The pilot of Flight DL194 had warned air traffic control there was “a biohazard issue” with “a passenger who’s had diarrhea all the way through the airplane.”

“It was dribbled down the aisle, smelled horrible,” one person tweeted of their partner’s disgusting experience on the flight.

“It was pretty bad … The vanilla-scented disinfectant used on it only made it smell like vanilla s–t,” Dee W. wrote on X, the new name for Twitter.

My jaw dropped to the floor when reading that this was a woman responsible for this depravity.

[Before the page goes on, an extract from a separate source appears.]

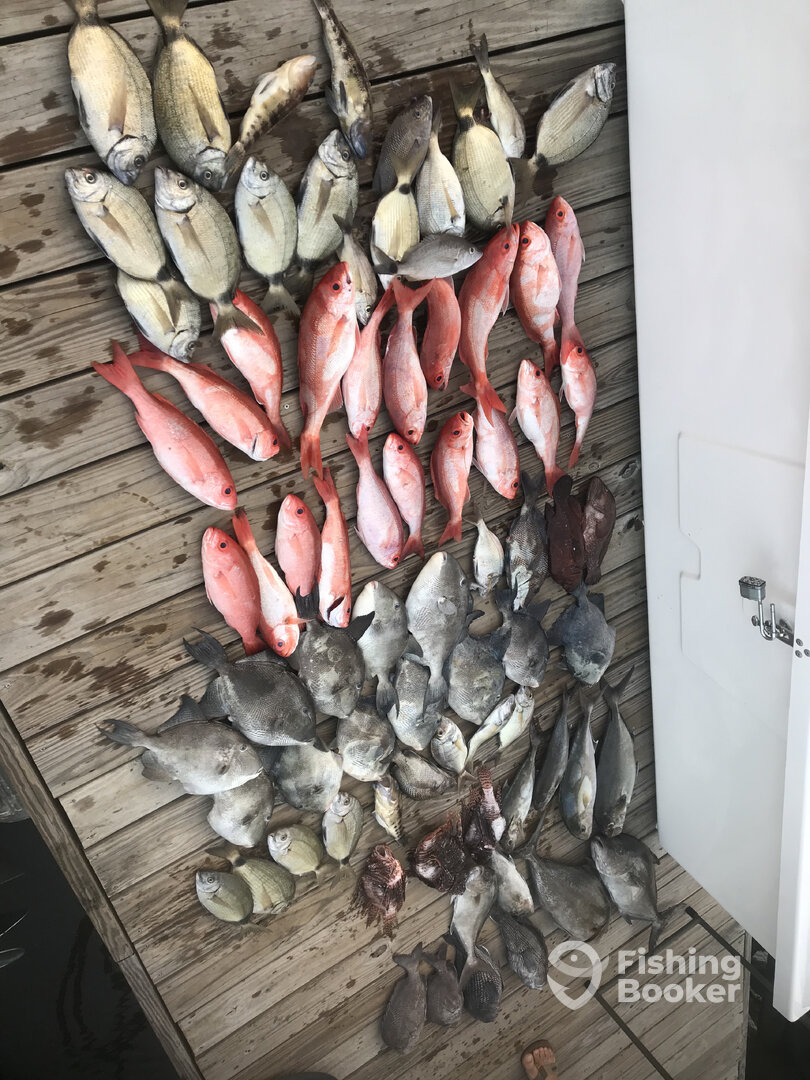 North Myrtle Beach Report Photo 0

Thoughts and prayers to her for real.

What a savage she must be to treat herself to some shitty airport sushi, and way too many airport beers, before boarding this transatlantic flight with a butt full of bud mud, has to know there is never any coming back from this. 

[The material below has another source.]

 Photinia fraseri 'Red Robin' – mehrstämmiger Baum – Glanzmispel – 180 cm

Not only could she not hold it until they made it to the bathroom, but her ass exploded to the point it was running down through her shorts or pants and tracking all over the cabin? 

Fucking outrageous. This should be punishable by death.

Especially because once they returned back to Hartsfield-Jackson, some poor sons of bitches had to clean up the mess.

Cleaning crews were able to scrub down the aircraft once it landed in Atlanta since flight records show it was used for another flight.

“The flight was met by emergency vehicles and EMTs carried the sick passenger off the plane,” Dee W added. “After the plane landed, it was thoroughly cleaned. They didn’t leave until around 2:30 a.m.”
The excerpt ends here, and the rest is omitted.